My father gifted me jewellery during my marriage. Do I need to pay tax while selling it?

My father gifted me jewellery during my marriage. Do I need to pay tax while selling it?

Generally, gifts are not treated as income of the recipient as long as the aggregate of all the gifts received from all persons taken together during a financial year does not exceed Rs 50,000

There are certain exceptions to this rule of taxation of gifts.
Teena Jain Kaushal
  • Sep 29, 2024,
  • Updated Sep 29, 2024, 12:26 PM IST

I want to sell the jewellery gifted to me by my father at the time of my marriage.  As per my understanding, since my father gifted the jewellery, I do not have any tax liability on the money realized at the time of sale. Is my understanding correct?

What Balwant Jain, a tax expert, says on the matter.

Your understanding of the taxability of the money received on the jewellery sale is not correct. Generally, gifts are not treated as income of the recipient as long as the aggregate of all the gifts received from all persons taken together during a financial year does not exceed Rs 50,000. Once the aggregate value of the gifts crosses this threshold the full value of gifts becomes taxable in your hands under the head ‘Income from other sources”.
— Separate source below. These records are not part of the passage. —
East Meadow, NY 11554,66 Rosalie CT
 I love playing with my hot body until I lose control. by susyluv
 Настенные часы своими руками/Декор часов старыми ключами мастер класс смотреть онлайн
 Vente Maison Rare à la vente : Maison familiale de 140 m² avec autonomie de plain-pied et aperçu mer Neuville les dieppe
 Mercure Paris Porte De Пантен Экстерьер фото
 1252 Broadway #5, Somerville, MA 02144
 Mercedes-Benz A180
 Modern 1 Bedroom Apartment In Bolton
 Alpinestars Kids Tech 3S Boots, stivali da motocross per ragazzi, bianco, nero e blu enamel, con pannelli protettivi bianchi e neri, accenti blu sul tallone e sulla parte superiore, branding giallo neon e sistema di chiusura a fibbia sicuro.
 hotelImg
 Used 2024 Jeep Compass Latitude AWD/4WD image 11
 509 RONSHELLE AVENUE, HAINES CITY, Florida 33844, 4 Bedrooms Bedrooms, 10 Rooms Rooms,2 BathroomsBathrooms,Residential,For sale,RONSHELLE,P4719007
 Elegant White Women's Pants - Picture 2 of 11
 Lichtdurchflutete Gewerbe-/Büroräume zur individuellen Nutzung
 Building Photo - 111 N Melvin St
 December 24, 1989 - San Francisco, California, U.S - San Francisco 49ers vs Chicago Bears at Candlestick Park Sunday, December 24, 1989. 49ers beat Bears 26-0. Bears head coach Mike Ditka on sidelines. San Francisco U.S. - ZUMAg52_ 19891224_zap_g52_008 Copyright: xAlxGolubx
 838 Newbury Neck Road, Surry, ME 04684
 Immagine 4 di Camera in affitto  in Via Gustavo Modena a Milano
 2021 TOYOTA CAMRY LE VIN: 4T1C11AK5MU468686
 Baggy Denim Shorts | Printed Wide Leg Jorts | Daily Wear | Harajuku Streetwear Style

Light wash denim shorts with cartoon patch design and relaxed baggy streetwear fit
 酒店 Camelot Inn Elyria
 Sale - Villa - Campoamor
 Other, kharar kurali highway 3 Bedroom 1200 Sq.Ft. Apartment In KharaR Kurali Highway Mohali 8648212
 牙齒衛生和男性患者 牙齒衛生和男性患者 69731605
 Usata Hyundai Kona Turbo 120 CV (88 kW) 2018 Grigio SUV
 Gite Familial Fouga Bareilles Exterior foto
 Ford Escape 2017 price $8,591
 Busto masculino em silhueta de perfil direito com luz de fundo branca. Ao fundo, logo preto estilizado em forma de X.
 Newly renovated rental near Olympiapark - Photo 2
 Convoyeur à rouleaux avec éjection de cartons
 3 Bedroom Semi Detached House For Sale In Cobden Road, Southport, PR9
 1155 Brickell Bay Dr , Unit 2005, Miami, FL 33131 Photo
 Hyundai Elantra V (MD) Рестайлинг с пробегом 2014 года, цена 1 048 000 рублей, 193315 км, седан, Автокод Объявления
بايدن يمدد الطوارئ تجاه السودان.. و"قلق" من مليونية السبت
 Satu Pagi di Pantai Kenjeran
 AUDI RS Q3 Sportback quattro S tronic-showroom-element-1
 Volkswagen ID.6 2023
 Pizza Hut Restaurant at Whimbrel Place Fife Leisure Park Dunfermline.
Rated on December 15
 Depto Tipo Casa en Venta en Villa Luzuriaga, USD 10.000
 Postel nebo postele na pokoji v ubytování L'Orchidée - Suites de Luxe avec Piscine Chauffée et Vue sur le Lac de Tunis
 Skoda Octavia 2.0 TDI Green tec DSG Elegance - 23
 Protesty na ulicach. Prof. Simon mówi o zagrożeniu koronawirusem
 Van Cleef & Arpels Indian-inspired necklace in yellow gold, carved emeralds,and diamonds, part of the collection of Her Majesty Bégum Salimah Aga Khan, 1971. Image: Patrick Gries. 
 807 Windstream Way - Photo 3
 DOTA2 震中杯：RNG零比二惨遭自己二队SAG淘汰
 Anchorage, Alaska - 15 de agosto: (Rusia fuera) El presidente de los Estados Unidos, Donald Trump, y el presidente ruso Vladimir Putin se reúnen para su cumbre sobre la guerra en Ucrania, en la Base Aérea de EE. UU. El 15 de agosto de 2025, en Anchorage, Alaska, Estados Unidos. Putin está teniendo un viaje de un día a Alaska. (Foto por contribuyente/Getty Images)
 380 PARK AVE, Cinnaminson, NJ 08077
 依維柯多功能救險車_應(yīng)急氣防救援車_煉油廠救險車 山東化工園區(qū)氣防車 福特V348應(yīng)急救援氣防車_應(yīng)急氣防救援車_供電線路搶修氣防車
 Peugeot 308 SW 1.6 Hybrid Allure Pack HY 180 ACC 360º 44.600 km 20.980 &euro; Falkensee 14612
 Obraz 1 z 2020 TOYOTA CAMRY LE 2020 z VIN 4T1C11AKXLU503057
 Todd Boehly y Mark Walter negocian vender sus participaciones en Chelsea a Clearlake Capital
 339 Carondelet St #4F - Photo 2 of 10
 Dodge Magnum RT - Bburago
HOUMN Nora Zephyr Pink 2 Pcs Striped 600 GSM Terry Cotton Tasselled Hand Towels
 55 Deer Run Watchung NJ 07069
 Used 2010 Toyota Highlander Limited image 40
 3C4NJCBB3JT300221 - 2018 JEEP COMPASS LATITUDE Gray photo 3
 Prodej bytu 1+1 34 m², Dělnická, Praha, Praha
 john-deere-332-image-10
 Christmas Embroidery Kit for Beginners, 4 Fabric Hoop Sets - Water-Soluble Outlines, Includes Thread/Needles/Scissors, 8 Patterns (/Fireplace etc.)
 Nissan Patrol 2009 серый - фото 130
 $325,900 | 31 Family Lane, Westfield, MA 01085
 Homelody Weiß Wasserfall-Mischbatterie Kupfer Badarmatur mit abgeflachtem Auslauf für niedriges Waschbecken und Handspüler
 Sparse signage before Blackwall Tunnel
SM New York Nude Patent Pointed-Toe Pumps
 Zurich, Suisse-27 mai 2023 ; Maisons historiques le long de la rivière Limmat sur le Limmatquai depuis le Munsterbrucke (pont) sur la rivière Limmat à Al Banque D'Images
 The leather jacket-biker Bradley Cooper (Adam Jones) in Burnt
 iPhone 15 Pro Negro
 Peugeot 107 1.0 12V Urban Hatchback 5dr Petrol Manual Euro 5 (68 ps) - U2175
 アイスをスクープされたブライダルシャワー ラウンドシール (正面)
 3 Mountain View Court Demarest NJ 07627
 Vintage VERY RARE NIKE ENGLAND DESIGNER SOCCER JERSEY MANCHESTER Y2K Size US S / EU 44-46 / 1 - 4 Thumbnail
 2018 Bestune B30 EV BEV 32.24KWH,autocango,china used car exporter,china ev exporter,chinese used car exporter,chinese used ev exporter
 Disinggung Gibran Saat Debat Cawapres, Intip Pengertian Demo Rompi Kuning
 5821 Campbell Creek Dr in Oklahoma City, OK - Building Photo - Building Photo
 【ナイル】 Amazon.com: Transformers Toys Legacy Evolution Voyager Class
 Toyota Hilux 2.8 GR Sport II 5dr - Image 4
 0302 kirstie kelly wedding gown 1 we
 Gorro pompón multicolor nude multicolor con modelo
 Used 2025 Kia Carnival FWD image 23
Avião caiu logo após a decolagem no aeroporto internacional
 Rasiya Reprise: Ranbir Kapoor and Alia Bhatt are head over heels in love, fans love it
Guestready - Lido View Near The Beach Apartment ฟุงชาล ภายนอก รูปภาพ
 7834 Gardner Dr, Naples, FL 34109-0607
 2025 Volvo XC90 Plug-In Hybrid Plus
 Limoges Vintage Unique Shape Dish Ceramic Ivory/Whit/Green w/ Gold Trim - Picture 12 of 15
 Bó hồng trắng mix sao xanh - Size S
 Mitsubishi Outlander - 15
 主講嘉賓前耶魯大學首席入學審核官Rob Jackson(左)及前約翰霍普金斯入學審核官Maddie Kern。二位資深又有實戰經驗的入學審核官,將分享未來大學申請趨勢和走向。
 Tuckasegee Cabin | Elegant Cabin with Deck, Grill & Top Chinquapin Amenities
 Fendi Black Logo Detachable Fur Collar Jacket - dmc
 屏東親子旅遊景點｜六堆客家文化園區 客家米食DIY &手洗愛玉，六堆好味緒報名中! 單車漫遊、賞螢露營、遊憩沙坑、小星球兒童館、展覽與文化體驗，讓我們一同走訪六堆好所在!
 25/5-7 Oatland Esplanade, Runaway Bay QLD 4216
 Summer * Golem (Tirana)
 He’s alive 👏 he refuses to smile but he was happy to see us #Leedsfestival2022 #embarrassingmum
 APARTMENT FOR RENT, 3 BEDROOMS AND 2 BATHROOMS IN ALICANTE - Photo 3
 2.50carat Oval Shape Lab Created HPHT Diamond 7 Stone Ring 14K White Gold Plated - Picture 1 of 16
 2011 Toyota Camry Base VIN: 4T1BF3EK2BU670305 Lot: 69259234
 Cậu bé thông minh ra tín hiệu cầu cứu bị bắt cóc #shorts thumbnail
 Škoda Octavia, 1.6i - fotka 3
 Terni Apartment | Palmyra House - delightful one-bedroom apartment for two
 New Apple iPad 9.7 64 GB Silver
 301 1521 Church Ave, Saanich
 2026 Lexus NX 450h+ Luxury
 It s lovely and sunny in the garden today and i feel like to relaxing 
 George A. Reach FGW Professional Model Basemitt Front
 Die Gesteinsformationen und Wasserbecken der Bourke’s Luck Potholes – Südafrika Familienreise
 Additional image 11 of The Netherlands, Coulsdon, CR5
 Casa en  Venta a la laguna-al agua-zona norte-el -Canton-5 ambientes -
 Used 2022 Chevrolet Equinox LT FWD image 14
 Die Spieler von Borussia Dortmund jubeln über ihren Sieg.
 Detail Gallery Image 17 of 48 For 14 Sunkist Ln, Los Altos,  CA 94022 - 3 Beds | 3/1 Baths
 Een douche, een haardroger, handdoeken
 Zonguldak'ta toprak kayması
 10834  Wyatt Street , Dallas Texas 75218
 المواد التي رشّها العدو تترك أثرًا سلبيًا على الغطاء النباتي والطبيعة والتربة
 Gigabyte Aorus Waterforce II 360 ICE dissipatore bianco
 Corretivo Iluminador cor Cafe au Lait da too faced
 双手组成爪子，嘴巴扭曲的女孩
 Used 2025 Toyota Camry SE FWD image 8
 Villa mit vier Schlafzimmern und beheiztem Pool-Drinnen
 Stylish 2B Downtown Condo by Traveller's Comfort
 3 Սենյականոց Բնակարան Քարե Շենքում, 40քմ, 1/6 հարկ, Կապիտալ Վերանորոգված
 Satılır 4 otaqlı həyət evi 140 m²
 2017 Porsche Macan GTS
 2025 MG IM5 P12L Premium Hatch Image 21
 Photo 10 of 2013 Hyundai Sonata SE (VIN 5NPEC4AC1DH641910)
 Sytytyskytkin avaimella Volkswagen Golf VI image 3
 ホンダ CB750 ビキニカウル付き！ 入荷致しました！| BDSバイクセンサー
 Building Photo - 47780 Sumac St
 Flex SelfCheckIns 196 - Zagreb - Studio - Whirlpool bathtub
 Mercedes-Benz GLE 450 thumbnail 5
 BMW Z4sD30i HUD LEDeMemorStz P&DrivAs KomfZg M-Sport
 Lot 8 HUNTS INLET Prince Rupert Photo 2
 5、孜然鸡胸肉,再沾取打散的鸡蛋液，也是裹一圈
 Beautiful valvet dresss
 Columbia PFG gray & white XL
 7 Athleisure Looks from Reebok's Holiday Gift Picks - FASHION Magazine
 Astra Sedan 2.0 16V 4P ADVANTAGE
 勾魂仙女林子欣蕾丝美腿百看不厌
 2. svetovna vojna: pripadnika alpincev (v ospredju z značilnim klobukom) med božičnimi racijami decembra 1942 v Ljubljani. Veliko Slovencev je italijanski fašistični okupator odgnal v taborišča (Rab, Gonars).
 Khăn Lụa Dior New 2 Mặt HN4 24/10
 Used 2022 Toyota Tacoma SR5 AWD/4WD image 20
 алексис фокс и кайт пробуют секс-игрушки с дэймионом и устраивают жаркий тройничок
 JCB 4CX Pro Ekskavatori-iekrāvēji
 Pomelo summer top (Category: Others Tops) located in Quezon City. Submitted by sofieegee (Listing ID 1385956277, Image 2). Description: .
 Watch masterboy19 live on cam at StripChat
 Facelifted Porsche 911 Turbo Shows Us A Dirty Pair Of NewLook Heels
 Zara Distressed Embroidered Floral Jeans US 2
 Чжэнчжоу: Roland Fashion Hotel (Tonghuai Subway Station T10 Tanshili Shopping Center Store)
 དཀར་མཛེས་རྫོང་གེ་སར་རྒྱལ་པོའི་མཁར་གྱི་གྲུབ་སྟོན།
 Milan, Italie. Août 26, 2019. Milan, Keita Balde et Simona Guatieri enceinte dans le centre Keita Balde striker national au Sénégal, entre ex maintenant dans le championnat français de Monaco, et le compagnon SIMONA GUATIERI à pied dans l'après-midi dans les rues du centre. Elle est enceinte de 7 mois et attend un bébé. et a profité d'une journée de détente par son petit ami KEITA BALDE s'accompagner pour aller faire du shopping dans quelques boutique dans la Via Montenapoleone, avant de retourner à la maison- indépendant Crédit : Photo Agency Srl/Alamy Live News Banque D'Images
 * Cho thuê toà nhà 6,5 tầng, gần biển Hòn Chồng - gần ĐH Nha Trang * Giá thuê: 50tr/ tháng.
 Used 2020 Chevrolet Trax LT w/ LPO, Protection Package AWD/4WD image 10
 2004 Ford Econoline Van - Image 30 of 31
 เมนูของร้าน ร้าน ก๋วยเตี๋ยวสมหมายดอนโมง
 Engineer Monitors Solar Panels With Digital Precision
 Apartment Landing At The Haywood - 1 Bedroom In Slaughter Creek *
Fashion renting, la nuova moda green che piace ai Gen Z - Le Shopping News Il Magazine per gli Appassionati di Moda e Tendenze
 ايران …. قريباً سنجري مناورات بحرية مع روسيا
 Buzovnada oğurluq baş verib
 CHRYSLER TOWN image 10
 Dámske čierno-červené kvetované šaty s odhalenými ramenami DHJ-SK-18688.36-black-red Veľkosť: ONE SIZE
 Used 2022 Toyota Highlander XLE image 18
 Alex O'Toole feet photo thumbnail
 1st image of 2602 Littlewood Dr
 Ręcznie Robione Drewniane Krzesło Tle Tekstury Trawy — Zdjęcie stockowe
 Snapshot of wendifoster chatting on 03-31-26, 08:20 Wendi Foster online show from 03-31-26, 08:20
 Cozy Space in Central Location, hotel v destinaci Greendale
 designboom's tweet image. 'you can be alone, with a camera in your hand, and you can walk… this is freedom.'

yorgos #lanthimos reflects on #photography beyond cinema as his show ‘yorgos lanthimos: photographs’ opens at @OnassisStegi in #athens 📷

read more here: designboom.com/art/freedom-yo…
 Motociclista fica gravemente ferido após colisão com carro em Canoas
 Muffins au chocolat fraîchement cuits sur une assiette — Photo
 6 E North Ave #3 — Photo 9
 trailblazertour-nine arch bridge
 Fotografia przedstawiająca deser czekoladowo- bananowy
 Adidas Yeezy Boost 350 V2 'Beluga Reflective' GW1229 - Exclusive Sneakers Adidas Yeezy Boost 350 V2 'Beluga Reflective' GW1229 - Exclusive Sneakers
There are certain exceptions to this rule of taxation of gifts. Gifts received from specified relatives are outside the scope of these provisions and are not to be treated as income of the recipient irrespective of value of the gift received. Parents are included in the definition of the specified relatives. So the value of the gift received from your father at the time of your marriage was not to be treated as your income.

Though the value of the jewellery at the time of receipt of gift was not treated as income but you will have the liability to pay tax on capital gains when you sell the jewellery. The quantum of tax liability will depend on whether the capital gains are long-term or short-term in nature, which is computed after calculating the combined holding period for which you and your father together held the jewellery.

The profits will be treated as short-term capital gains if the combined holding period is 24 months and the same will be taxed at your slab rate. If the holding period is more than 24 months, the capital gains will be taxed as long-term capital gains and taxed at a flat rate of 12.50%. Since indexation has been removed from the latest budget, you will be allowed to deduct the cost of the jewellery from the sale proceeds realised for the computation of capital gains. The cost for computation of capital gains will be the cost incurred by your father. In case the jewellery was purchased before April 1, 2001, you have the option to take fair market value of the jewellery on April 1, 2001 as your cost.

You can invest the sale proceeds in a residential house to save tax on such long-term capital gains under Section 54F of the Income Tax Act.